◆ Your task
The whole listing below is to be copied exactly, with every picture left out.

◆ Recorded data
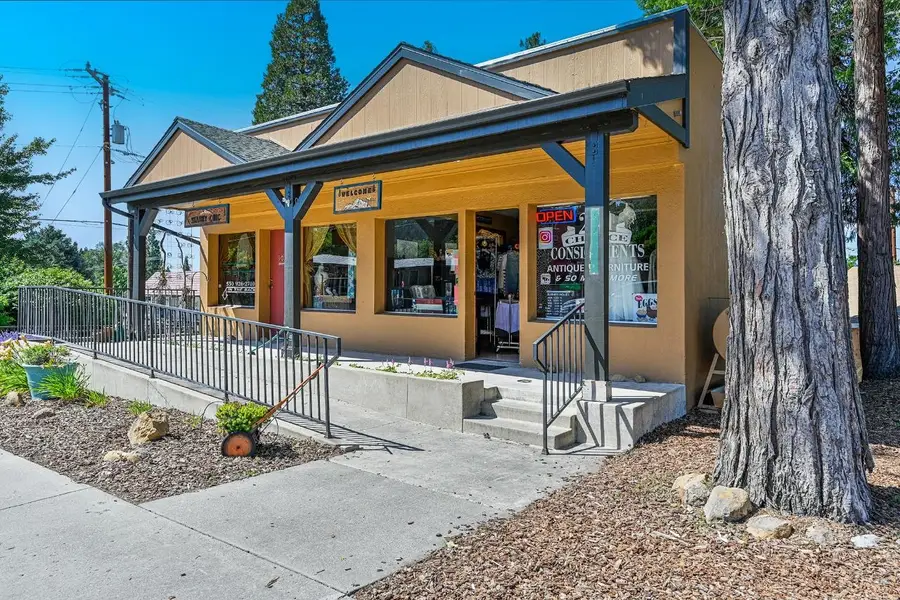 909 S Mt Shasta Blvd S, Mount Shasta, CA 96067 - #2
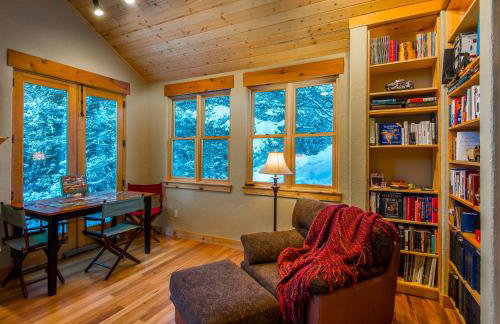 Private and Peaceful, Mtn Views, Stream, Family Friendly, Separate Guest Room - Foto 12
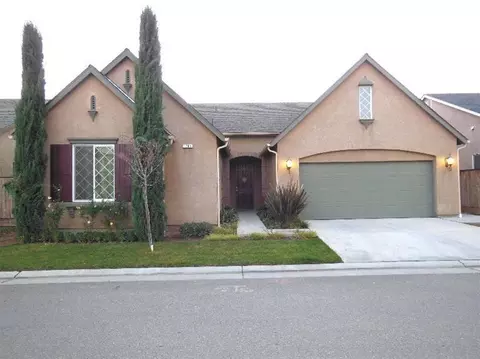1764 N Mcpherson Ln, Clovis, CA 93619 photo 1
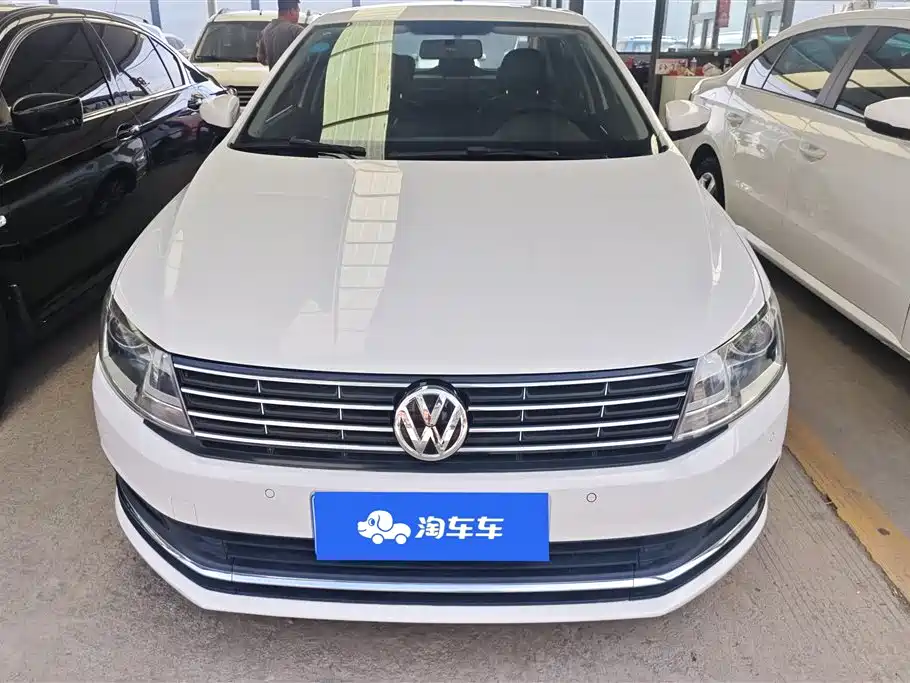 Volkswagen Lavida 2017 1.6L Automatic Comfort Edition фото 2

◆ Solution to the problem
 909 S Mt Shasta Blvd S, Mount Shasta, CA 96067 - #2
 Private and Peaceful, Mtn Views, Stream, Family Friendly, Separate Guest Room - Foto 12
1764 N Mcpherson Ln, Clovis, CA 93619 photo 1
 Volkswagen Lavida 2017 1.6L Automatic Comfort Edition фото 2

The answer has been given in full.